START DATA TO PROCESS

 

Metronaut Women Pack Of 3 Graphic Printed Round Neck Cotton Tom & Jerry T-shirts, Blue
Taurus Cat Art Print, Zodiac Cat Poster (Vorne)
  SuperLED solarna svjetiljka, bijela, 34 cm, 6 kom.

END DATA TO PROCESS
START DATA TO PROCESS

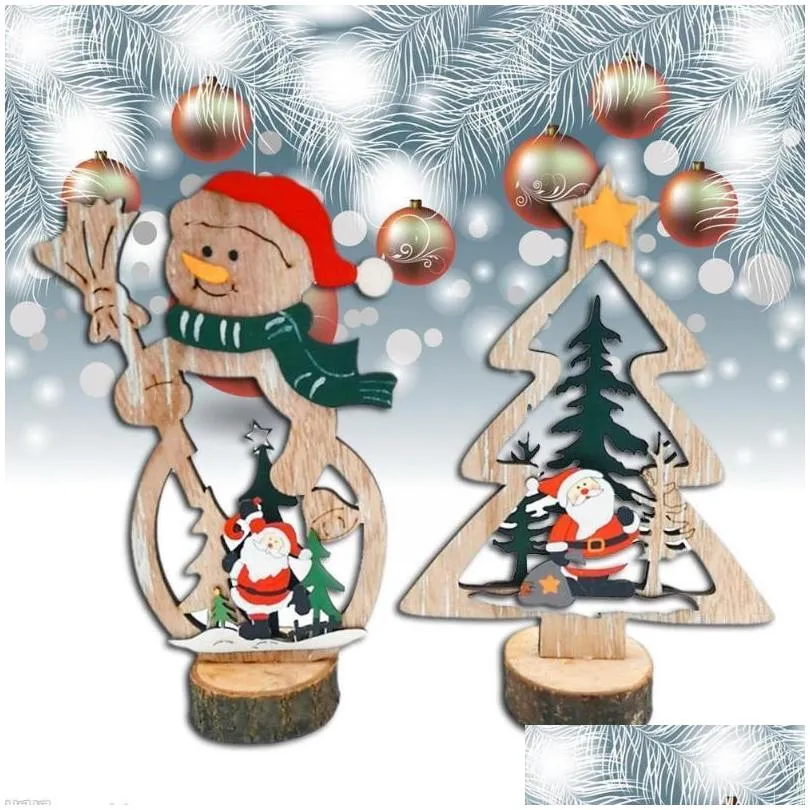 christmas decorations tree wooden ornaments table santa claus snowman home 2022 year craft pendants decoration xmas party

END DATA TO PROCESS

» WORK TASK: Copy exactly the stretch of data above from the line with "Taurus Cat Art" through the line with "SuperLED solarna svjetiljka, bijela, 34", and omit all other lines.

» EXERCISE RESPONSE:
Taurus Cat Art Print, Zodiac Cat Poster (Vorne)
  SuperLED solarna svjetiljka, bijela, 34 cm, 6 kom.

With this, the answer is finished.